L’antologia è annunciata
nella prefazione “come un saggio e uno specchio della letteratura italiana”. Gli
autori sono un’ottantina, i brani inclusi circa trecento. Divisi per generi retorici
(“narrazioni”, “descrizioni e immagini”, “apologhi”, “allegorie…..). Un’opera
che si segnala per le bizzarrie. Il Trecento non c’è. Un’esclusione non
spiegata, e aggravata sarcasticamente da una nota – “la sola di questo tipo”,
nota a sua volta il curatore di questa riedizione – per scusarsi di avere
incluso il “Lamento della madre di Eugenia”, un frammento dalle “Vite dei Santi
Padri” di Domenico Cavalca. Il Quattrocento c’è, poco. Il lavoro entra nel
pieno col Cinquecento, con l’individuazione di una vena protoromantica. E s’ingrossa
via nei secoli seguenti, perfino nel Seicento, su questo filo.
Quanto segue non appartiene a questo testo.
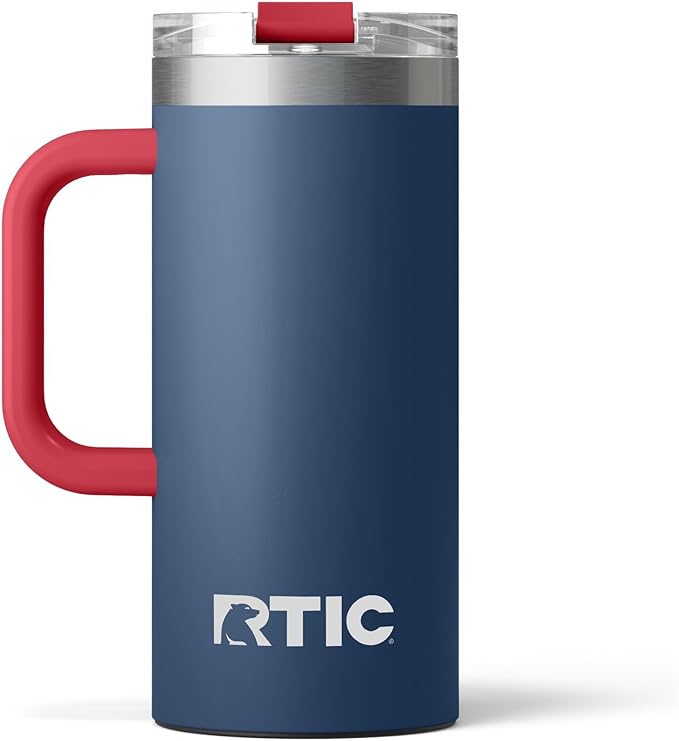 RTIC 16oz Road Trip Travel Mug with Lid and Handle, Ceramic Lined, Insulated, Stainless Steel, Metal, Double Wall Vacuum-Insulation, Portable Coffee, Tea Cup for Hot and Cold Drink, Patriot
Alla “Prosa” seguirà la “Poesia”,
un altro volume di altrettante pagine. Malgrado il silenzio siderale che
accolse la prima pubblicazione. Specie da parte degli amici fiorentini, e di
quelli del Vieusseux – la rivista del gabinetto, l’“Antologia”, non ne registrò
nemmeno l’uscita. Col paterno Giordani il giovane Leopardi, 23 anni, si
giustificava nel 1821 con un grande proposito: “Chiunque vorrà far bene all’Italia,
prima di tutto dovrà mostrarle una lingua filosofica”. Qualcosa effettivamente l’ha
mostrata, Machiavelli, Guicciardini, Galilleo, ma in subordine.
Uno degli ultimi gioielli
Nue, la Nuova Universale Einaudi. Col testo originale, introdotto, con una
dissertazione elaborata e piena di riferimenti, e annotato da Giulio Bollati.
Giacomo Leopardi, Crestomazia
italiana. La prosa, Einaudi, pp. VII-CXIV+662, pp.vv.